Emak rempong ngeblog bersama anak-anak
“Mulai hari ini kuputuskan untuk berhenti menulis….”

“Maaf, saya tidak bisa aktif menulis lagi, sebentar lagi saya melahirkan….”

“Sebenarnya aku ingin sekali menulis, tapi bagaimana ya…. Kalau malam, aku sudah capek. Anak-anak tidur, aku ikut tidur.”

“Tiga bulan saya dirawat di rumah sakit karena depresi. Saya punya kecenderungan untuk melukai anak-anak.”

“Saya ingin  menjadi ibu yang full mengasuh anak-anak. Saya tidak akan berkarir, meskipun itu hanya menulis. Setidaknya sampai usia emas anak-anak berakhir.”

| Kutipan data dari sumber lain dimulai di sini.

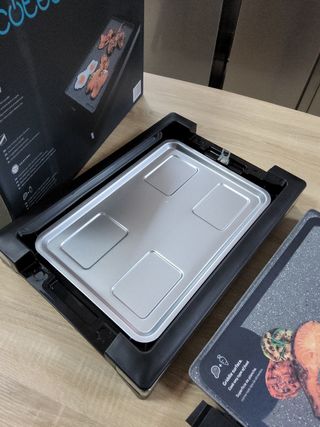 Plancha Cecotec Tasty&Grill 2000 Inox Stone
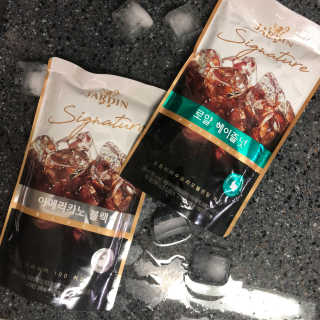 (주)쟈뎅 쟈뎅 시그니처 블랙, 헤이즐넛 230ml — 5점을 준 리뷰어가 2018년 7월 올린 사용 사진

Suara-suara itu terus bergaung di gendang telingaku, mengusik alam bawah sadarku. Suara-suara yang tersampaikan melalui deretan kata-kata di status facebook para ibu muda. Sebagai ibu muda, tentu saja aku banyak berkawan dengan sesama ibu muda. Ada yang bekerja, ada yang memilih untuk di rumah saja bersama-sama anak-anak. Aku? Aku memilih opsi kedua: menjadi ibu rumah tangga. Dulu, ada ibu bekerja yang protes, mengapa sebutan “ibu rumah tangga” hanya dilabelkan pada ibu yang memilih di rumah saja? Apakah ibu bekerja bukan ibu rumah tangga? Ah, kurasa itu hanya sebuah sebutan yang sudah jamak. Dan inilah aku, seorang ibu rumah tangga yang masih gamang akan pilihan hidupnya.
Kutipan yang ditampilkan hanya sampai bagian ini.